Work to be completed =
What needs reproducing is the run of lines in the data below starting at the line with "Palio Litúrgico para" and ending at the line with "Ropa étnica Vestido", both ends included. Copy it exactly, without pictures, and add nothing.

Exercise inputs =
++++++++++

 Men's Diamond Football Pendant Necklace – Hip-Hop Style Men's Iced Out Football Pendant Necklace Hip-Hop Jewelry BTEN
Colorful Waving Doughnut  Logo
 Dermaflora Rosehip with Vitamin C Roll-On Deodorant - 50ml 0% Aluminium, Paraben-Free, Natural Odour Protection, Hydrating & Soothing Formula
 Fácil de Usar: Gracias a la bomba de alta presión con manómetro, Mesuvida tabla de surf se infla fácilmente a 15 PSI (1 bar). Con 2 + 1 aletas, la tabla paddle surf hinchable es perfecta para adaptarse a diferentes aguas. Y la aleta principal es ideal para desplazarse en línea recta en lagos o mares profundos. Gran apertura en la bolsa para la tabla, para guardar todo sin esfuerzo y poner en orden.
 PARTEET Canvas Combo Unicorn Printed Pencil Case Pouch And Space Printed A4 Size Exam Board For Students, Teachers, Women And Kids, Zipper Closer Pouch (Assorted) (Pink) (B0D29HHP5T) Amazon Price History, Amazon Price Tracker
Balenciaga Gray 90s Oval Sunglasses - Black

++++++++++

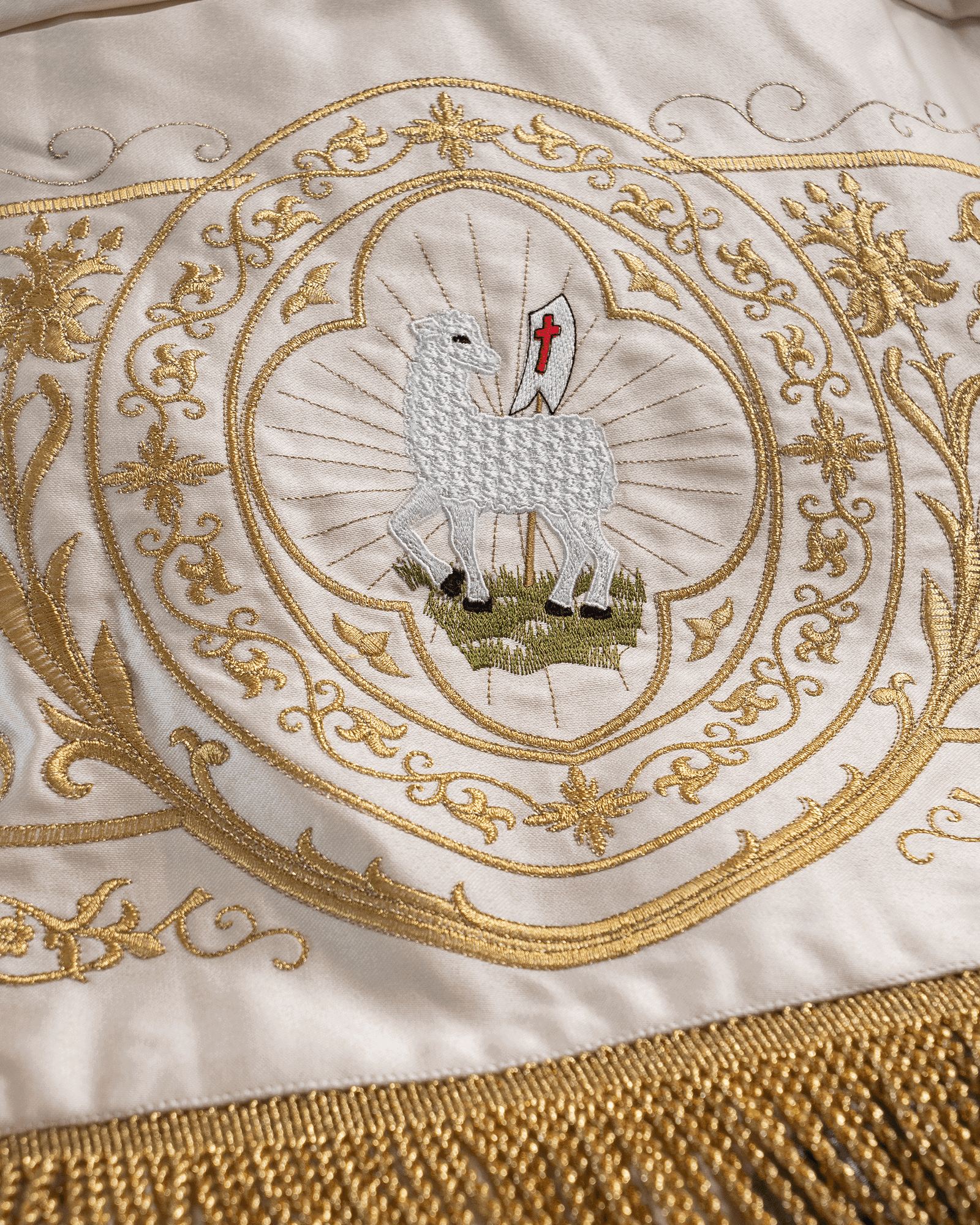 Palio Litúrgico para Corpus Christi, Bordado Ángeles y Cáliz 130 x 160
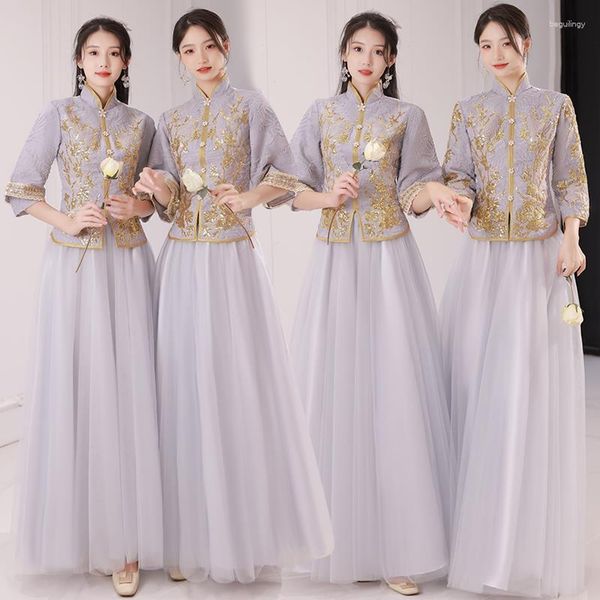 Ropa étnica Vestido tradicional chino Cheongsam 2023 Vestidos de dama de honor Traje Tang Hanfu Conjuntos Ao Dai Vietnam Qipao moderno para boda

++++++++++

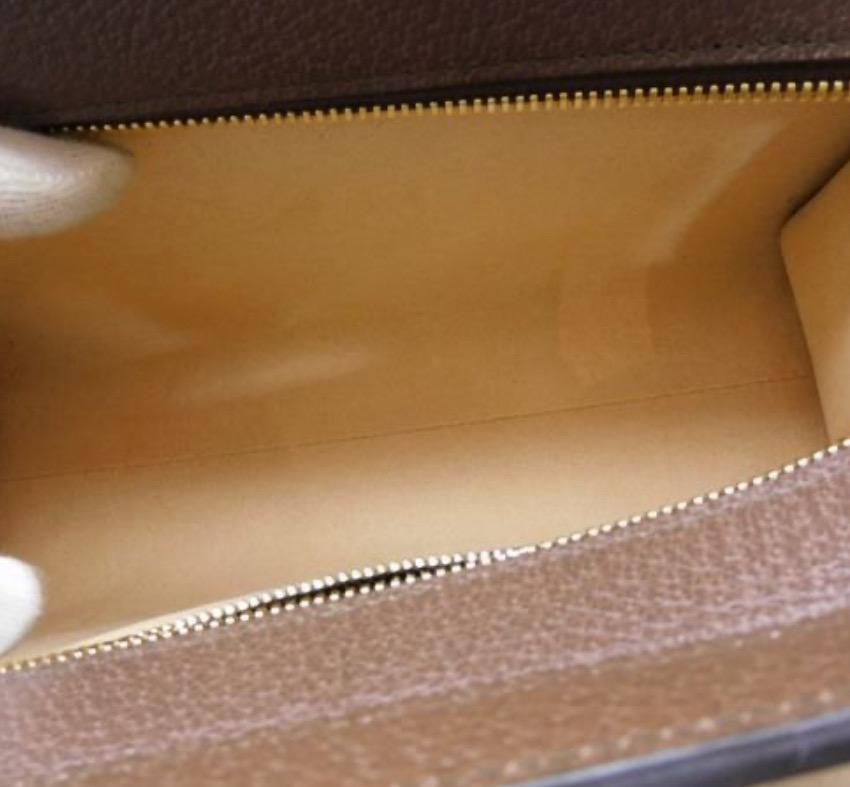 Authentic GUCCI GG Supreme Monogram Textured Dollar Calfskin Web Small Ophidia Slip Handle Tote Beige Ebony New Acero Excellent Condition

++++++++++

Written answer =
 Palio Litúrgico para Corpus Christi, Bordado Ángeles y Cáliz 130 x 160
 Ropa étnica Vestido tradicional chino Cheongsam 2023 Vestidos de dama de honor Traje Tang Hanfu Conjuntos Ao Dai Vietnam Qipao moderno para boda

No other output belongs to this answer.